First loose end: Player selection left out many big names. Even if you accept choosing between Ruth or Gehrig as your biggest star, where’s Yankees Ace Lefty Gomez? He appears on a Goudey 1935 photo premium, yet none of their Big League Gum cards.
1935 Goudey Big League Gum premium (R309-2)
Many big names went missing, like New York ace Carl Hubbell and St. Louis stars Joe Medwick, Ripper Collins, and Daffy Dean. Future HOFers Gabby Hartnett and Billy Herman led the Cubs to an NL pennant in 1935, so were also missed by Chicago fans.
At least one prominent 1935 rookie (Cy Blanton) appeared in Big League Gum, so I mocked up a card for three that didn’t, Phil Cavarretta, Rip Radcliff, and Lew Riggs.
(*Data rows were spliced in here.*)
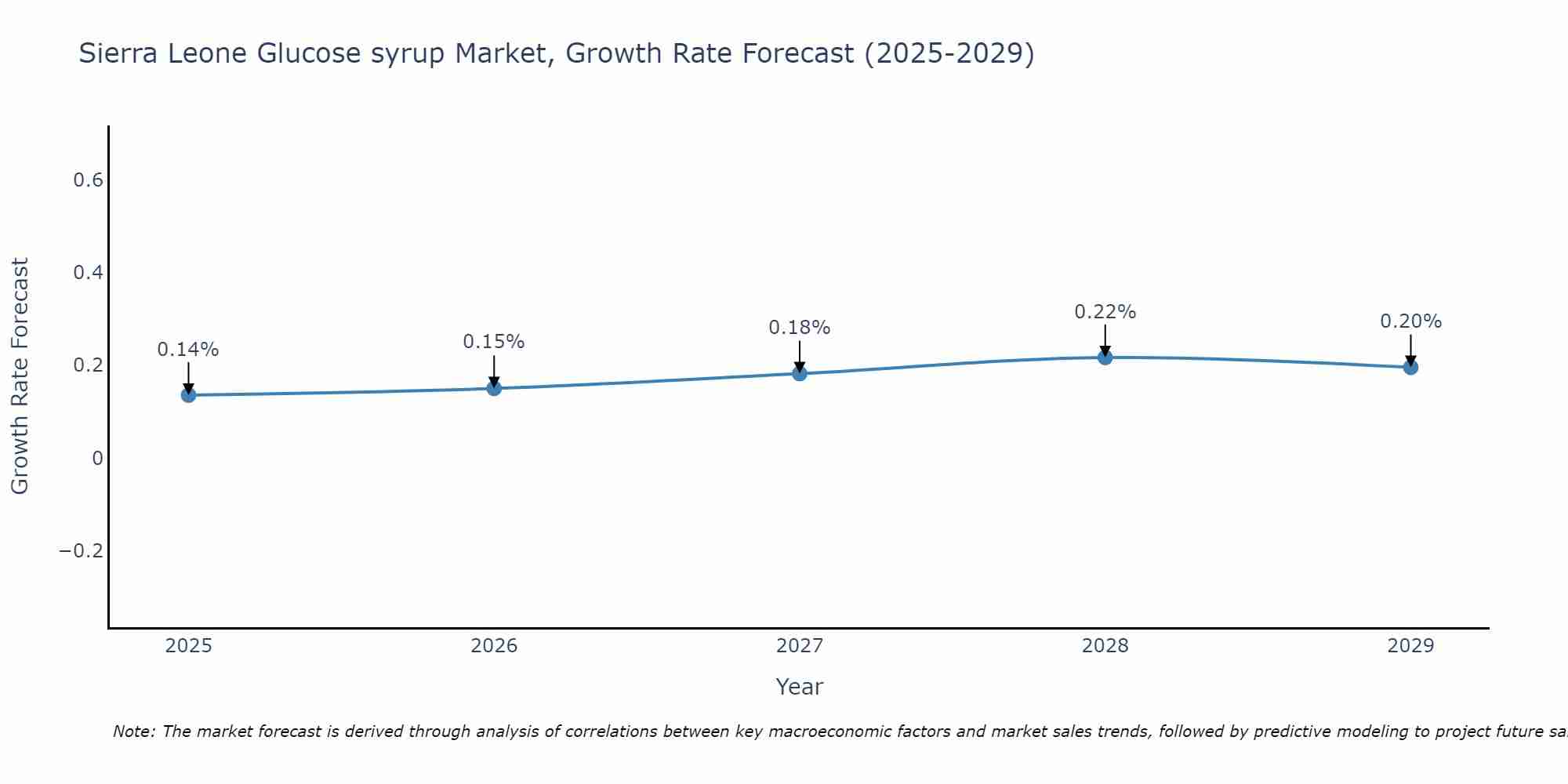 Sierra Leone Glucose syrup Market Growth Rate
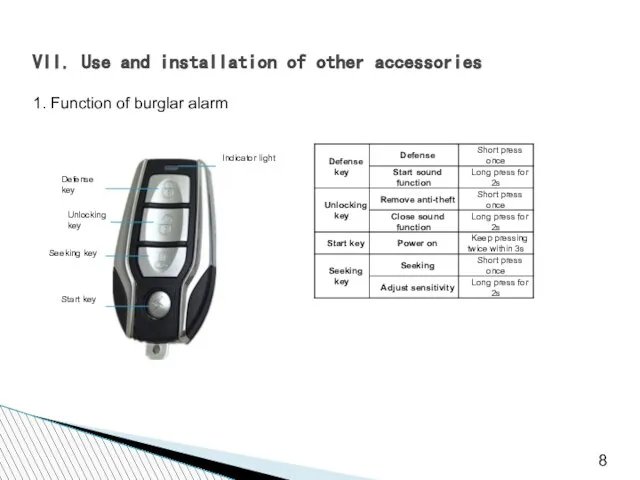 VII. Use and installation of other accessories 1. Function of burglar alarm 8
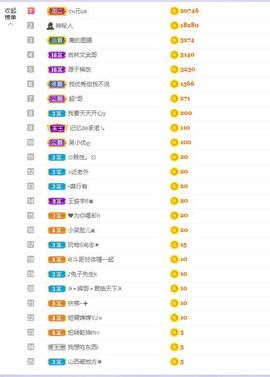 心中无结。。主播照片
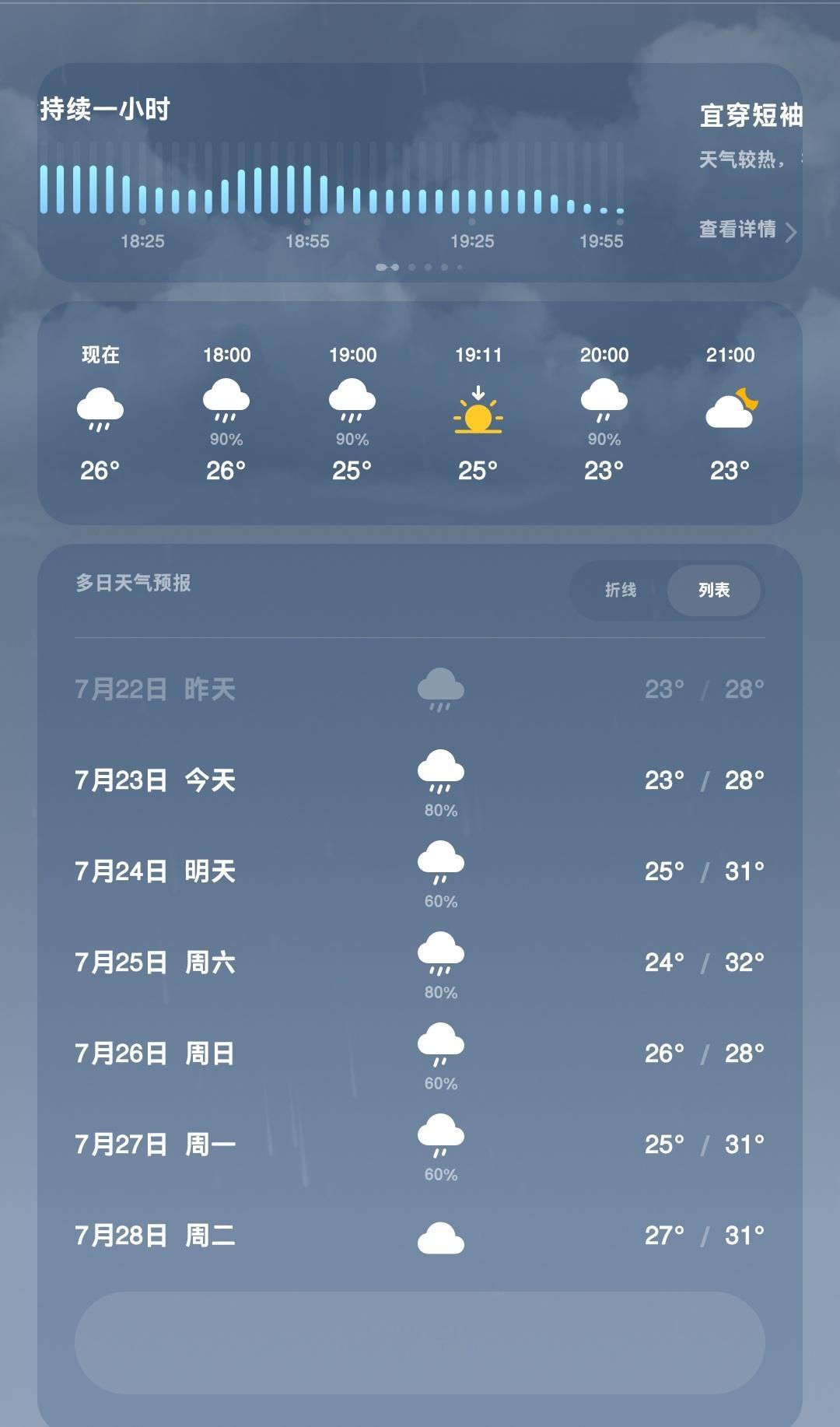 我无话可说。 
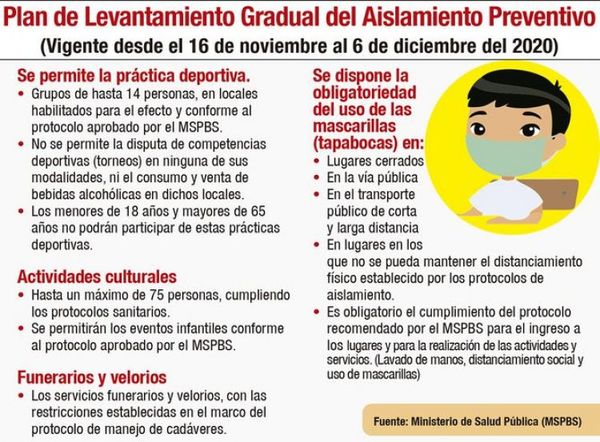 Nuevas medidas sanitarias entran a regir desde hoy en casi todo el país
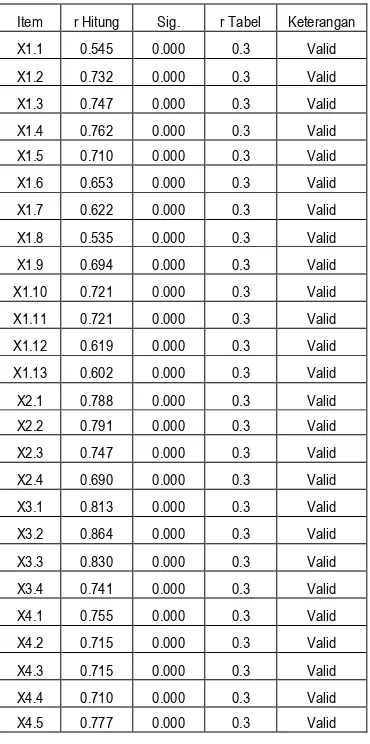 Tabel 3 Distribusi Frekuensi Variabel Produk (X 1) 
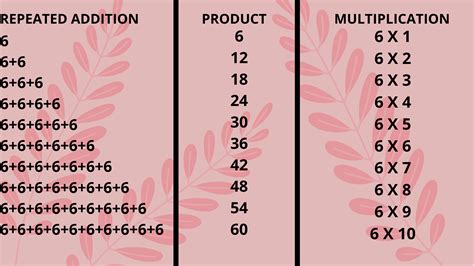 Poetry 6 Multiplication Table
Frenchy Bordagaray gets in on the strength of his facial hair alone. Goudey’s many omissions loom large over such a small set. And speaking of things left out…
Second loose end: Goudey’s name and Big League Gum appear nowhere on the card itself. This represents a big change to their earlier, text-heavy sets. Compare 1934 bios (left) to 1935 puzzle pieces (right).
You might already know Goudey licensed portions of 1933 and 1934 Big League Gum sets to their Quebec partner, World Wide Gum, for Canadian printing and distribution. Each of those cards proclaimed its Montreal origins, just as American sets came from Boston. (I wrote more about these cross-border sets in 2019.)
1934 Big League Gum card backs, Canada (left) and USA (right)
So why leave out all this info for 1935 cards? I think the reason Goudey omitted it will sound outlandish, yet serves their goal of making money during a tough financial era. They wanted to hide the set’s country of origin and sell to fans on each side of our northern border without paying import costs.
1934-36 National Chicle Batter-Up Gum (blank back)
If this seems like a reach, remember that National Chicle published two sets in 1934 and one of them, Batter-Up Gum, also lacked attribution. Did Goudey follow their competition’s lead selling these cards in multiple countries?
Excerpt from The Story of the Great Lakes in 8 Maps
American Prohibition, an era rife with border smuggling, ended in late 1933 and some no doubt continued moving other goods by land, boat, or air across our Great Lakes. MLB towns Chicago, Detroit, and Cleveland all offer land or waterway routes to Canada, as do International League baseball cities Toronto and Buffalo. Obscuring a set’s origin would enable Goudey or National Chicle to print cards wherever proved cheapest and evade import costs at their eventual point of sale. (Canada’s higher dependence on exports could also be why this made sense.)
Big League Gum wrappers, 1934 Goudey (left) and
undated World Wide Gum (right)
While there are no World Wide Gum wrappers dated as 1935, this design echoes Goudey’s 1934 look without specifying a year, so could be from later. Did they wrap them around 1935 Big League Gum cards up north?
1936 Big League Gum (cataloged R322) also omits company name and country of origin, so perhaps Goudey succeeded in cutting costs and decided to keep their scheme running for another year.
To add more spice to our soup, recall that O-Pee-Chee released their debut Canadian baseball set in spring 1937, just as National Chicle declared bankruptcy.
1937 O-Pee-Chee baseball (cataloged V300)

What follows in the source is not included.